By Pallavi Gogoi, USA TODAY
Public outrage has boiled over as billions of dollars in bonuses have been handed out on Wall Street, the center of the 2008 financial storm that contributed to the worst recession in generations and left millions of people jobless.
Even President Obama joined in, labeling the $18.4 billion in bonuses "shameful" and calling on Wall Street to "show some restraint." Seizing on the populist anger, lawmakers put together a compensation-reform bill that passed the House of Representatives on July 31 and will be brought to a vote in the Senate after the summer recess.

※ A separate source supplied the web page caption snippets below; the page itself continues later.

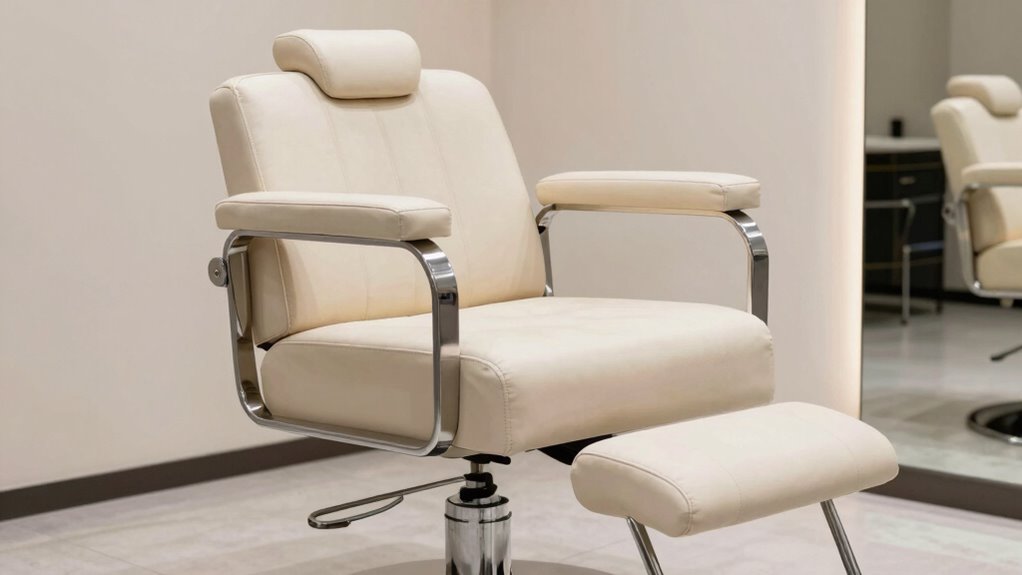 choosing comfortable salon chairs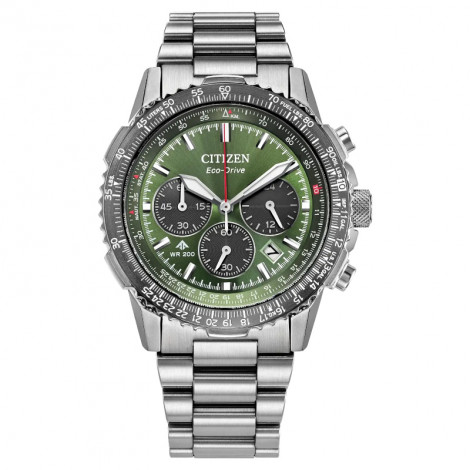 Sportowy męski zegarek CITIZEN Promaster Sky Chronograph CA4664-60W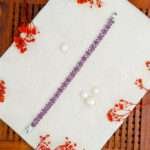 Ruby Floral Cluster Bracelet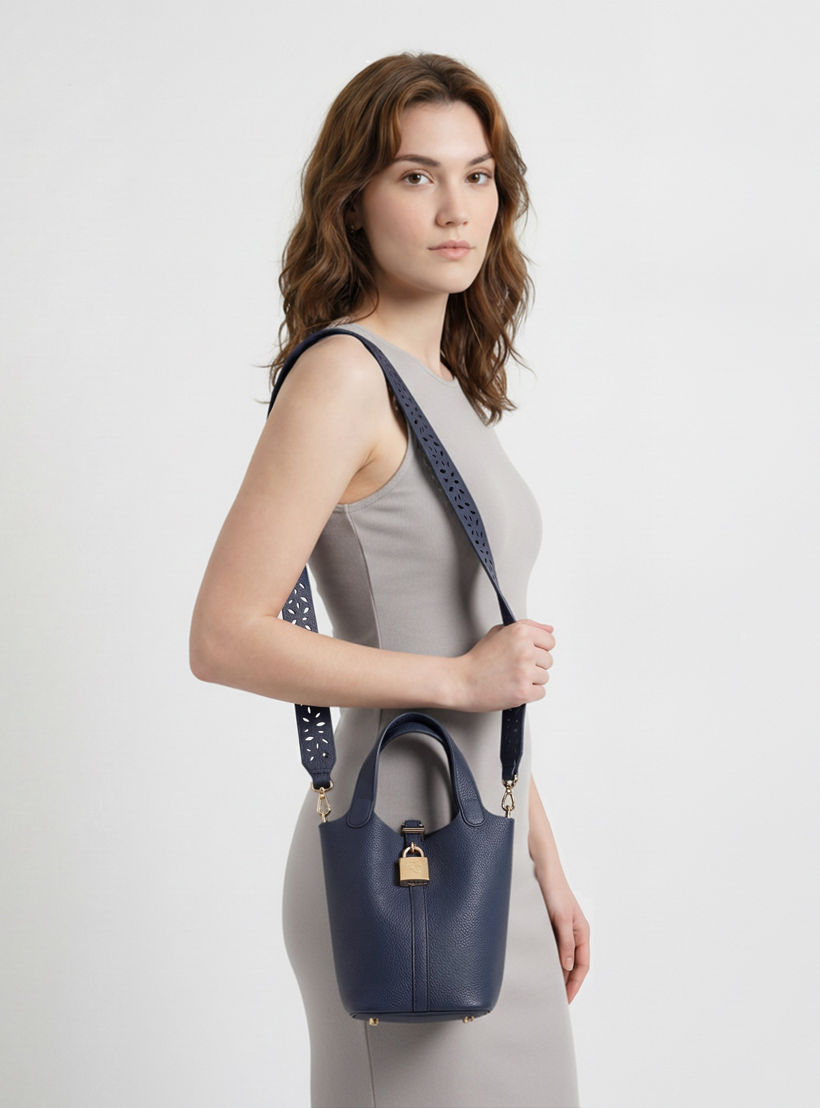 شنطة باكيت بارزة الملمس مع شنطة صغيرة من سيليست-women-bagsandwallets-handbags-image-2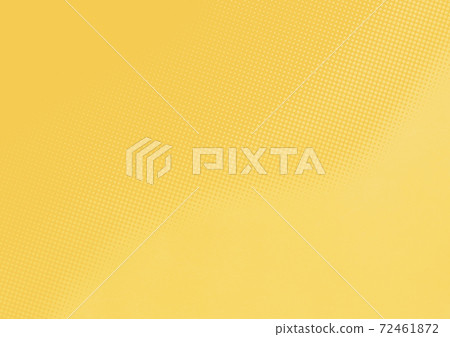 Gold yellow halftone (background material) Gold yellow halftone (background material) 72461872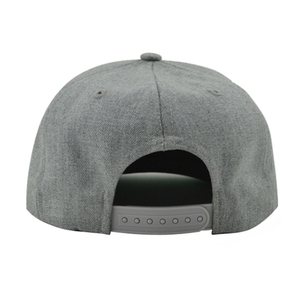 Hot Blank flat brim 5 panel stimulus hat/hat - Product Image 2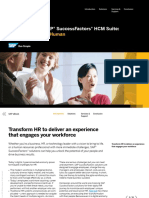 SAP SuccessFactors HCM Suite 1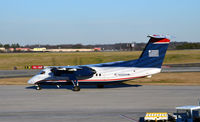 N930HA @ KCLT - Taxi CLT - by Ronald Barker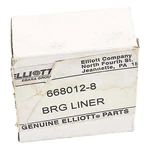 Elliott Group Bearing Liner 668012-8. Fixed Price $139.75.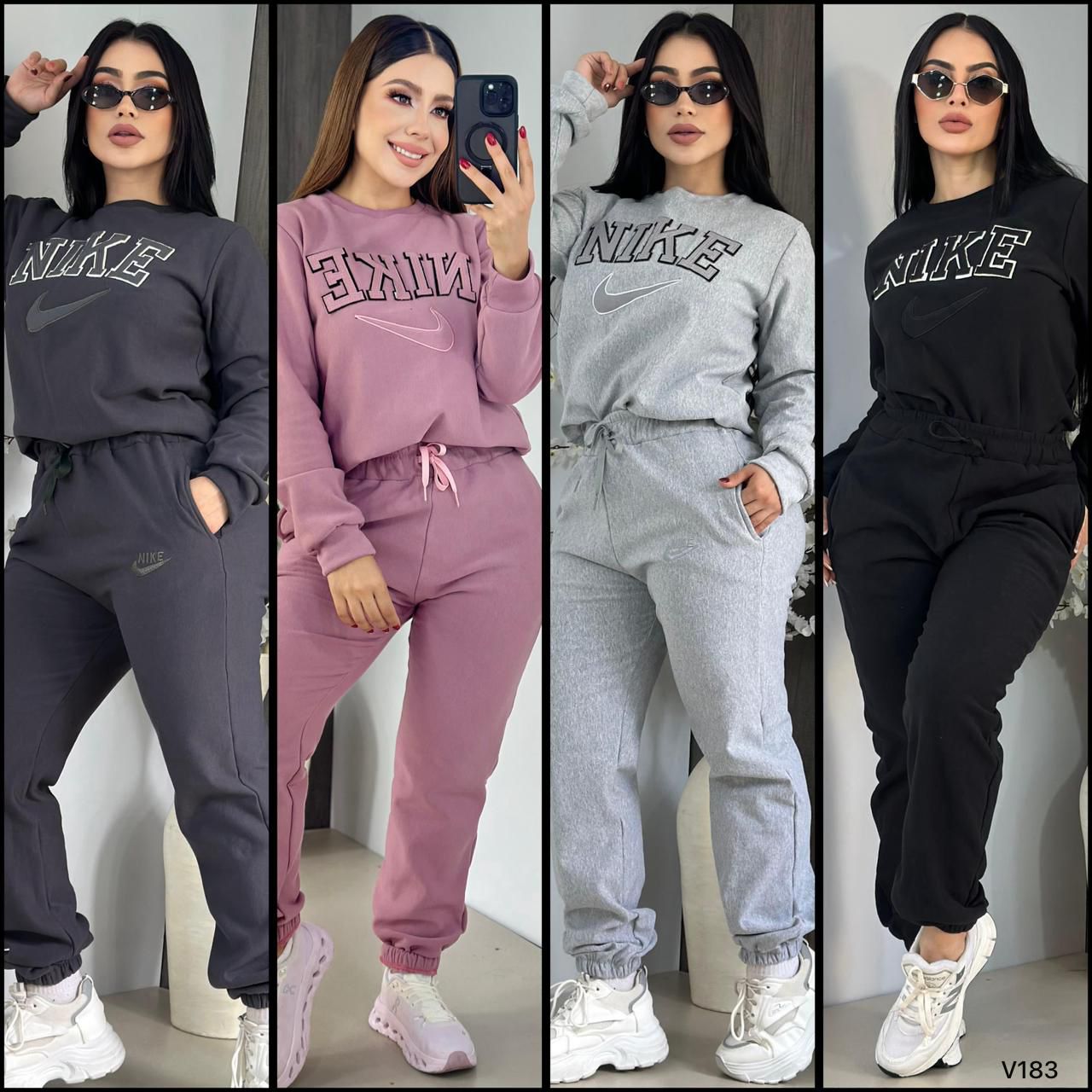 V183 - Set Bordado Nik3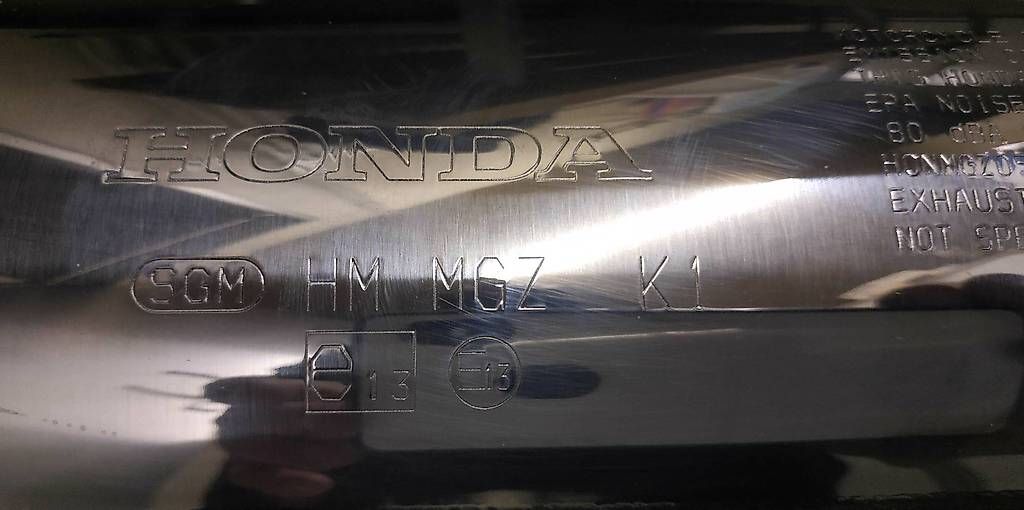 Sistemi di scarico: Échappement Honda CB 500fabs/ CBR 500R – Usato da Athenaz (Avusy) venduto da pat_8t2m 2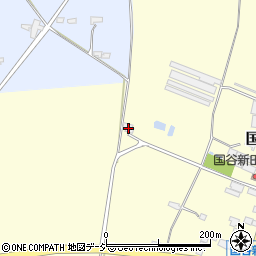 栃木県下都賀郡壬生町国谷2084周辺の地図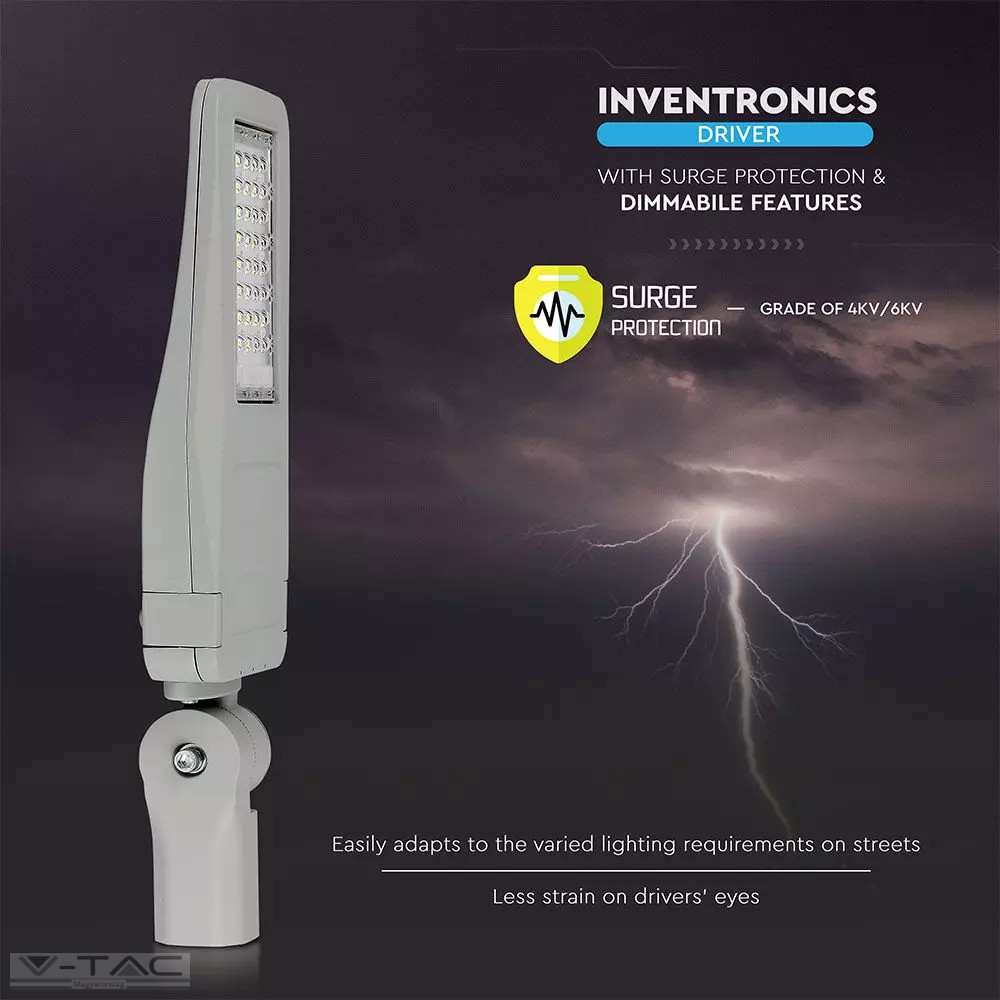 50W Slim utcai lámpa Samsung chip 140lm/W 5700K - PRO953 50W Slim utcai lámpa Samsung chip 140lm/W 5700K - PRO953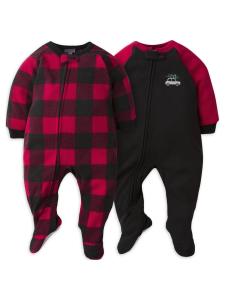 Gerber Microfleece Pajamas for Baby & Toddler Boy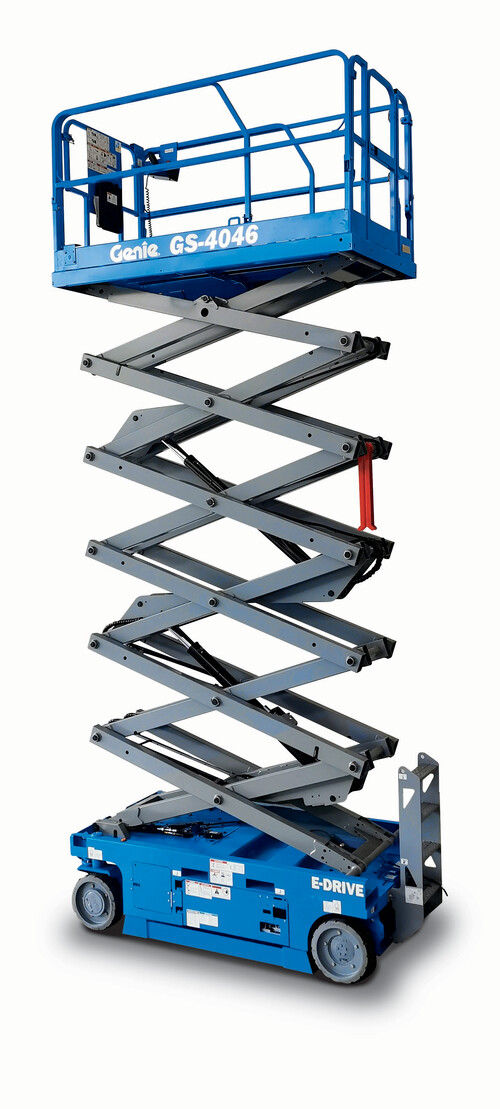 Electric Scissor Lift, 40' Narrow available for rent at EquipmentShare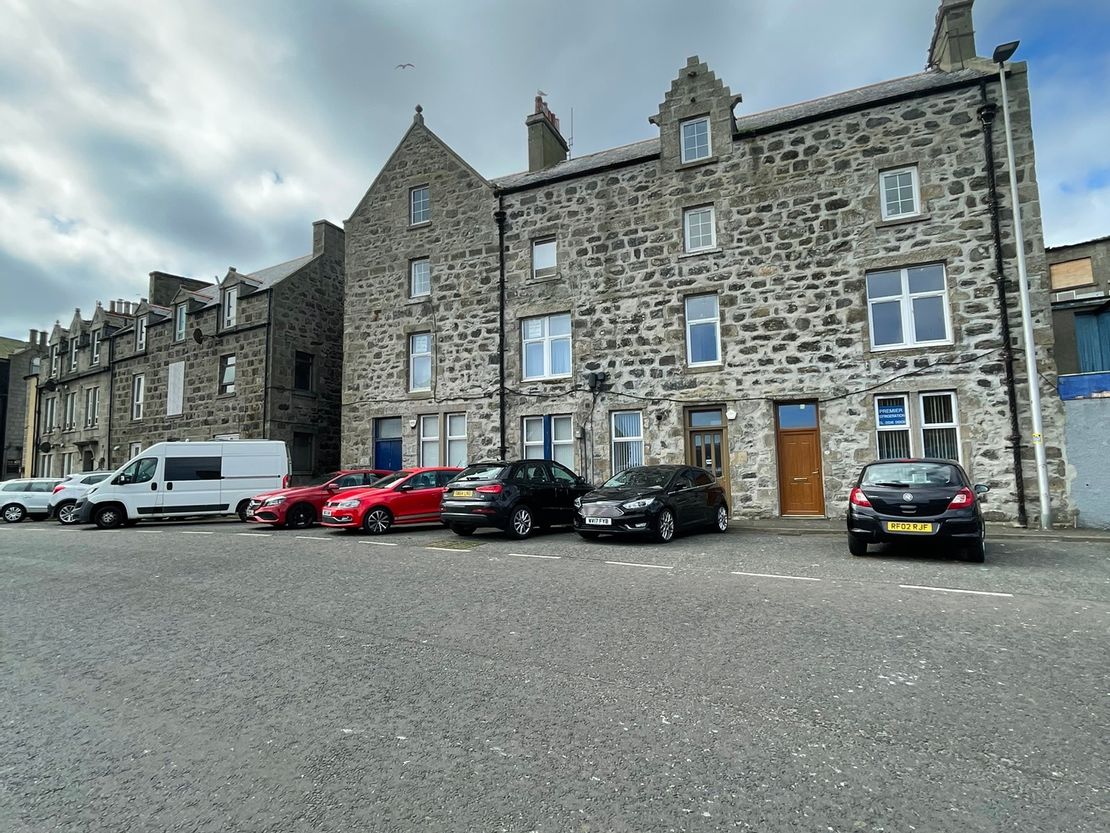 119-121 Shore Street, Fraserburgh, Aberdeenshire, AB43 9BR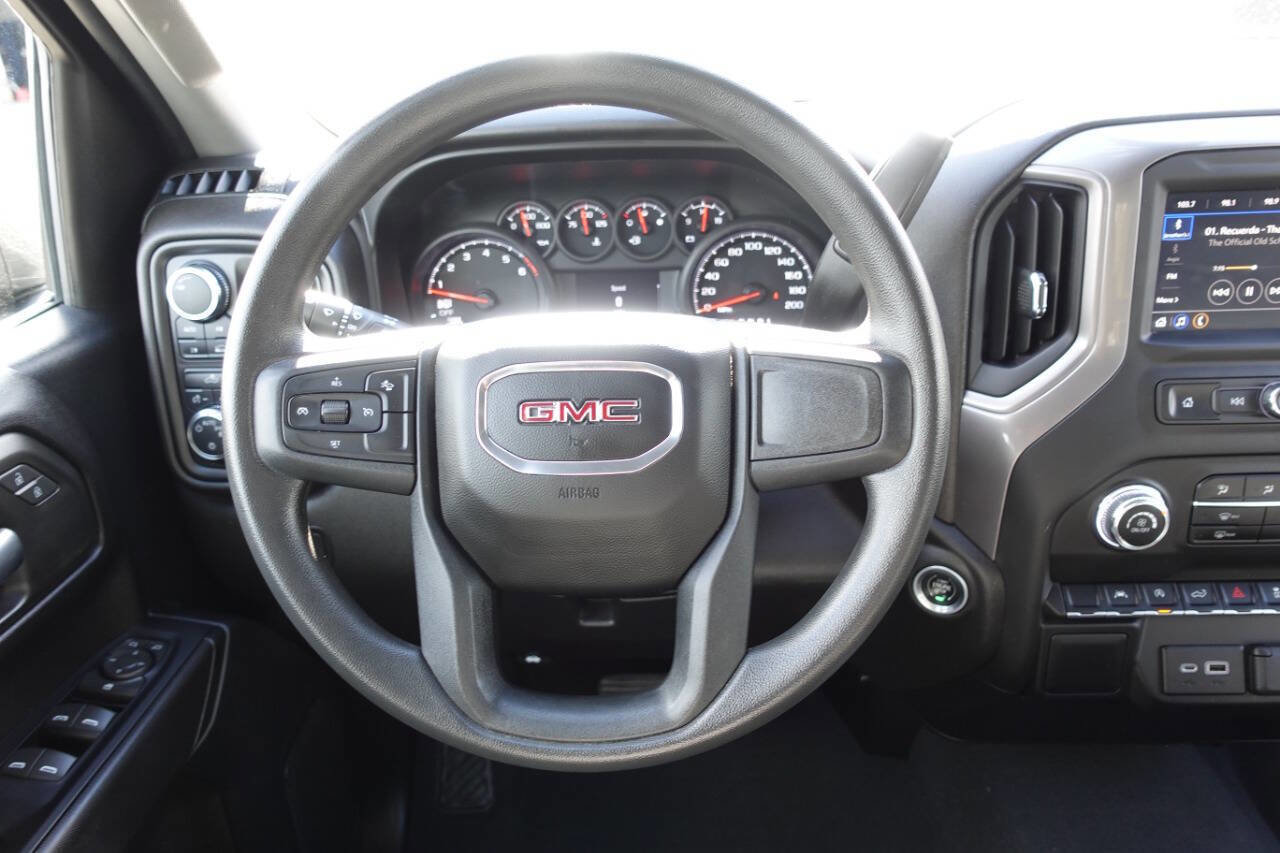 Used 2022 GMC Sierra 1500 Pro w/ Pro Value Package image 37
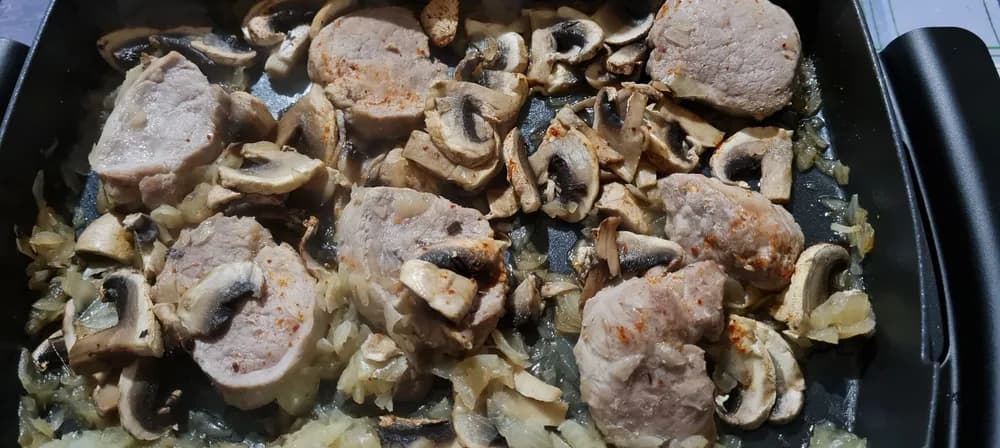 Image Filet Mignon à la Crème et aux Champignons 8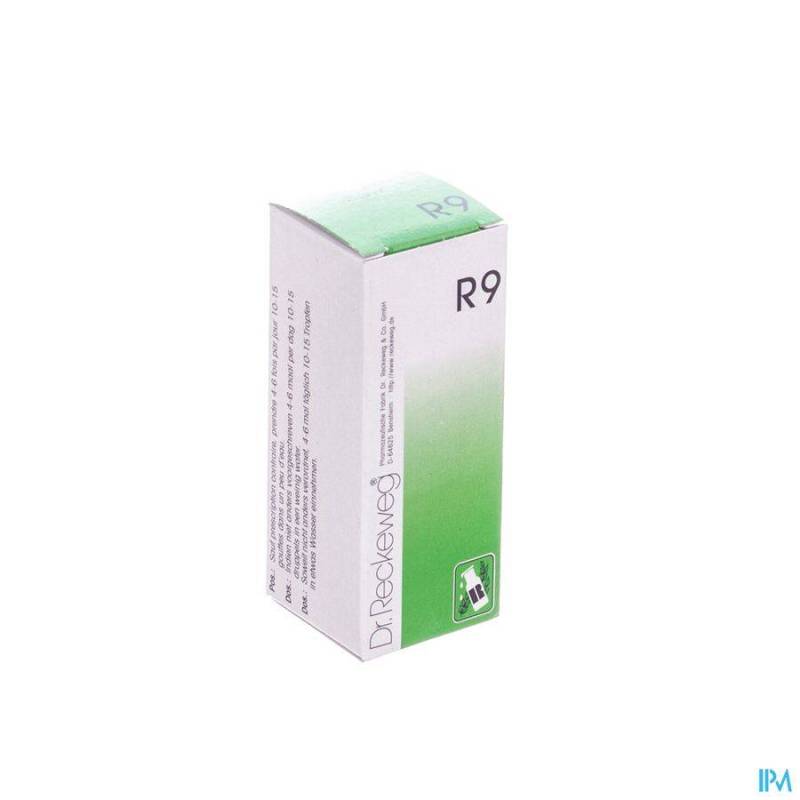 RECKEWEG DR. R 9 GUTT 50ML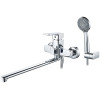 Смеситель для ванны Lamber 42808Н хром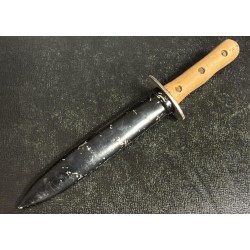 Wunderschöner Kampfdolch M39 der Königlich Italienischen Armee.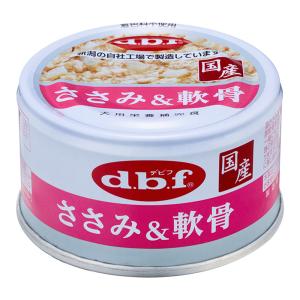 デビフ ささみ&軟骨 85g 缶詰 犬 ウェット...の商品画像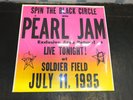 1995 Spin The Black Circle w/ Pearl Jam Live Tonight at Soldier's Field New #153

Still, despite all the apparent momentum building to rein in runaway pay, it looks as if Wall Street's compensation practices will largely emerge unscathed. Critics say the bill's key proposals, though well-intentioned, are non-binding, so companies can choose to ignore them. And Wall Street executives, seemingly unconcerned about further antagonizing an already agitated mob, are gearing up to boost pay. Some top firms that just last year received billions in government bailout money are thriving again and appear undaunted by the widespread criticism of big paychecks. Consider:
•Flush from two quarters of profits and having repaid the government its bailout money, Goldman Sachs has set aside $11.36 billion for compensation and benefits in the just first six months of the year, a 33% increase from last year.
•JPMorgan Chase, which also has paid back taxpayer money, reported record second-quarter revenue and has carved out $14.5 billion for pay in the first half of the year, up 22%.
•While Morgan Stanley, too, has repaid the government, the bank recorded its third-consecutive loss in the second quarter. Despite that, the bank has set aside $6 billion so far this year for compensation expenses, and $3.87 billion just in the second quarter, which represents 72% of its revenue.
"The Wall Street community is not particularly plugged into the public sentiment," says Peter Cappelli, management professor at Wharton business school. "It's a culture that hasn't cared very much about the political realities elsewhere."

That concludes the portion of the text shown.